Closed bjjones closed 4 years ago
The gain comes entirely from the optimized deflate() function.
Looking at the patch, it replaces a managed CRC version with a native CRC version in zlib. Surely this alone is responsible for a portion of the performance delta.
Perhaps a better name for this proposal is "Use native zlib CRC32 instead of managed implementation."
Looking at the patch
I think there's some confusion here, in that I don't think the PR and this issue are directly related.
My understanding is that in this issue @bjjones is proposing ditching clrcompression.dll (the native zlib binary that System.IO.Compression P/Invokes to on Windows) and replacing it with a different zlib implementation, one optimized by Intel. His performance results are based on comparing that newer zlib with the current clrcompression.dll (which is also based on an older zlib source I believe).
Separate from that, his recent PR updates the crc32 calculation in the library to use the crc32 function from clrcompression.dll; that change is unrelated to this proposal, other than tangentially.
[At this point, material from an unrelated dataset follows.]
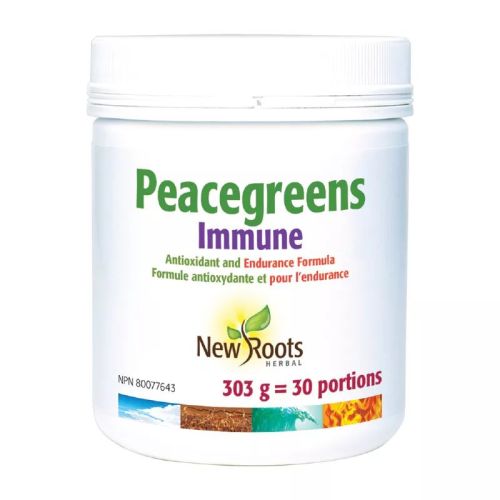 604 NRH - Peacegreens Immune 303g.jpg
Once updated to P/Invoke to native for the crc32 function, then any improvements that came from an improved native binary would show up as well.
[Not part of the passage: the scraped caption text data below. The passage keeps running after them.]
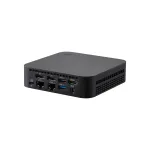 ASUS-PN54-S1-BB3000ETL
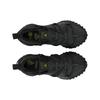 Nike ACG Mountain Fly Low GTX SE Темно-дымчато-серый Мужские кроссовки Черный Железно-серый DD2861-002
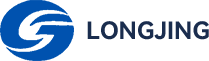 Hubei Longjing Special Automobile Co., Ltd.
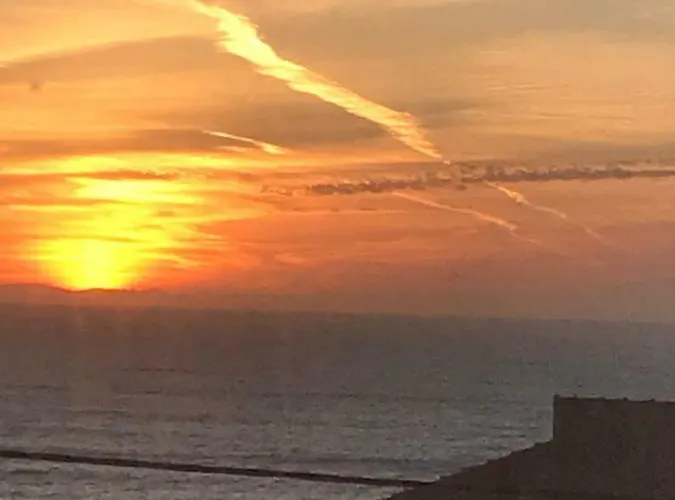 Apartman Casa Do Sul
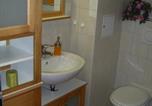 Location vacances Pirna - Ferienwohnung Lange-4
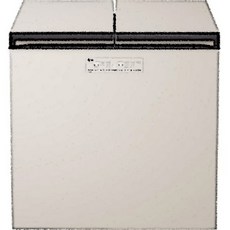 LG 디오스 오브제컬렉션 뚜껑형 김치냉장고 219L Z222MEE152, 단품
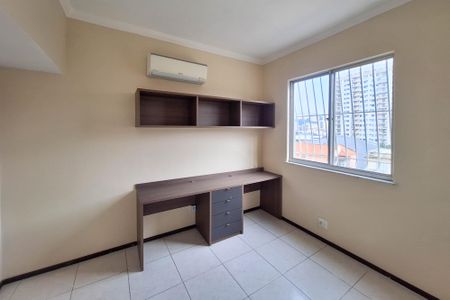 Apartamento à venda com 103m², 2 quartos e 1 vaga Apartamento à venda com 103m², 2 quartos e 1 vagaQuarto 1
I think there's some confusion here, in that I don't think the PR and this issue are directly related.
If this issue is about only replacing the code on Windows versions, what is the implication to the minimum system requirement that adding this Intel library will have?
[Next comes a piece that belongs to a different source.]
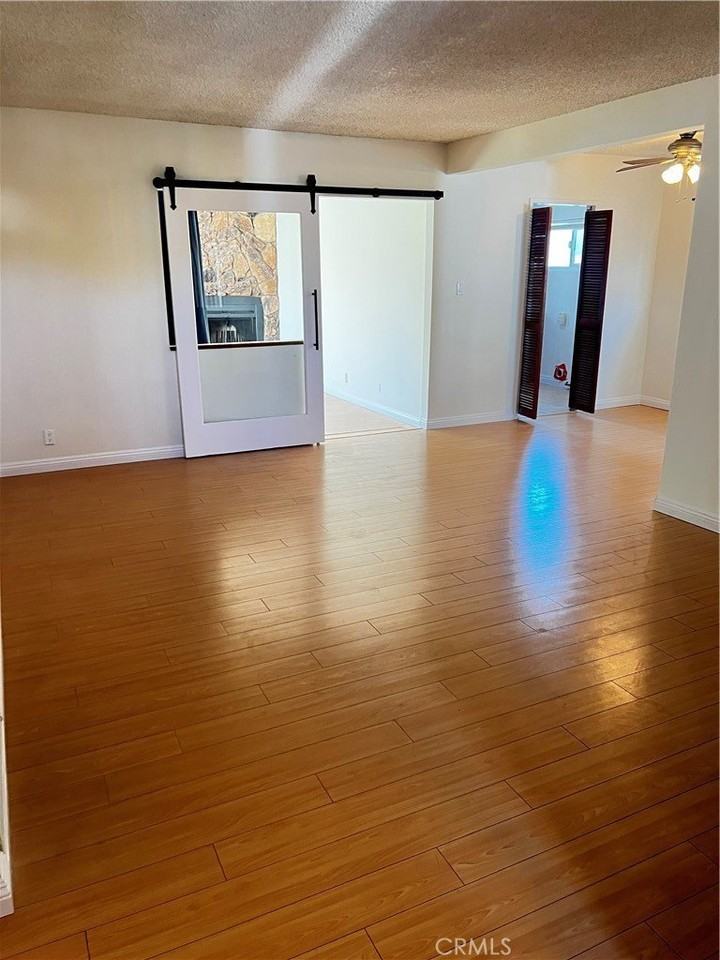 1820 Olympus Ave - Photo 4 of 8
The library seems to hard compile in support for PCLMULQDQ rather than detect it at runtime. https://github.com/jtkukunas/zlib/blob/e176b3c23ace88d5ded5b8f8371bbab6d7b02ba8/crc32.c#L443
This means that it will only work on Intel(R) Core processors from 2010 onwards and AMD processors from 2011 onwards. https://en.wikipedia.org/wiki/CLMUL_instruction_set
This also seems to disqualify the entire Intel(R) Atom line as they all (even the server SoC) seem to lack support for CLMUL. (Please correct this if its inaccurate).
Thanks for the response @stephentoub , that sums things up well.
@OtherCrashOverride Those defines are only to determine which optimizations are compiled in, not which are used at runtime. CPUIDs are used at runtime to determine what code should be run. This should not break any past platforms.
CPUIDs are used at runtime to determine what code should be run. This should not break any past platforms.
Glad to hear that. Why is the changeset not upstream at http://www.zlib.net/?
I'm unable to find a substantial difference between zlib-intel and zlib 1.2.8 when using either as the base for System.IO.Compression.dll. My results are significantly less interesting than snellmans.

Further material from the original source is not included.